As far as performances are concerned, Upendra largely manages to fit into the lead role, but is caught being too stiff in the emotional sequences. There is a lot of posturing in the latter half of the film, and that's where he shines the brightest. The dubbing, however, is excruciatingly below par, which is one of the main reasons Shriya Saran looks quite out of place in the film: there is also the fact that she has no ‘role’, so to speak. Kiccha Sudeep is seen for a maximum of five minutes and is heard for the rest of the film as its narrator. He is of least significance in the film, unless he were to find a meatier role in the Kabzaa 2 (yes, another one is supposedly on the way).
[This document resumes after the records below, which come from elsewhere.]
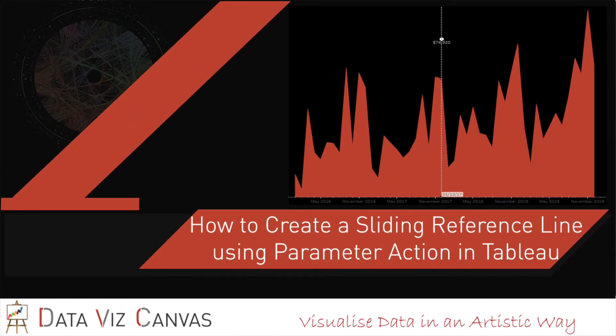Hi everyone, in today's session we're going to learn how to create a sliding reference line using parameter action in Tableau. For this we'll be using sample superstore data set which is available on Tableau as well. So let's get started.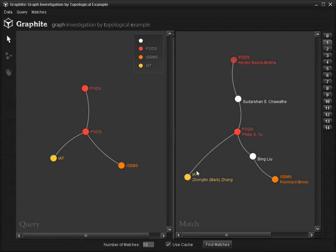Mark is a computer vision person with recent interest in data mining, hence his connection to Philip Yu. This example demonstrates how easy it is to use Graphite to perform graph query.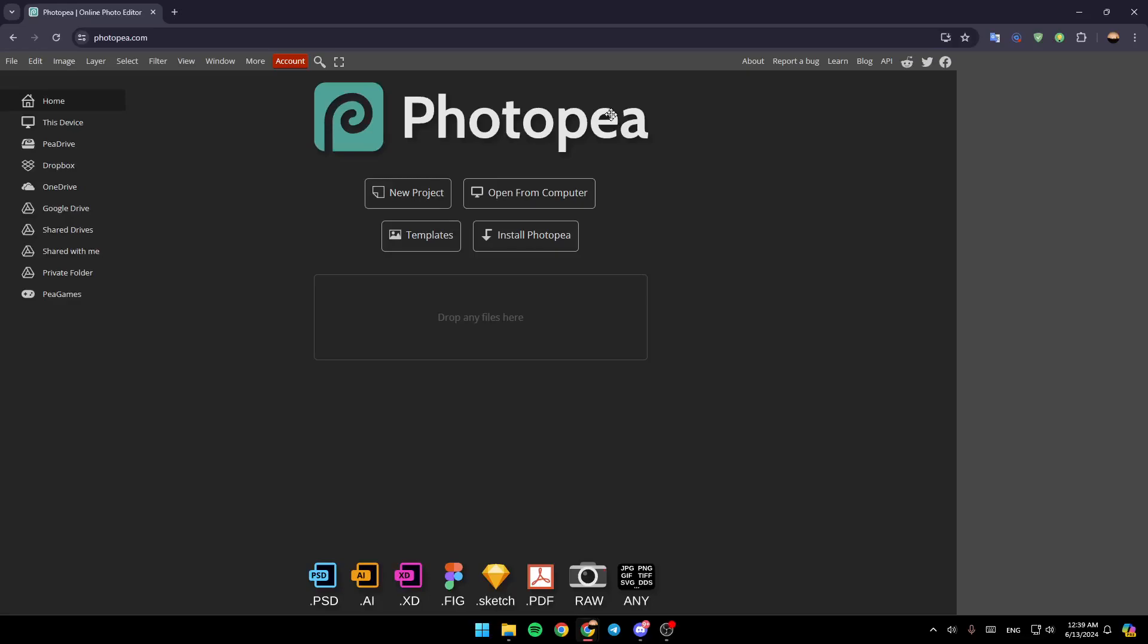Hello everyone, and welcome back to a new video. In this video, I'm going to show you how you can add a texture in Photopea. So if you want to learn how to do it, just follow the steps that I'm going to show you.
Speaking of part two, Shiva Rajkumar, who makes a timely appearance in the film to save us, is likely to be one of the main leads in the upcoming instalment.
For someone who spent Rs 400 on the ticket, Kabzaa failed to offer the absolute minimum to me — a film. At its best, it is a copy, and at its worst, a horribly made parody. It's a pity that an industry as many as nine decades old is still delivering at such low standards. It's about time that Kannada cinema steps out of its KGF hangover. Perhaps, Kabzaa is the exact antidote it needs.
Disclaimer: This review was not paid for or commissioned by anyone associated with the film. Neither TNM nor any of its reviewers have any sort of business relationship with the film’s producers or any other members of its cast and crew.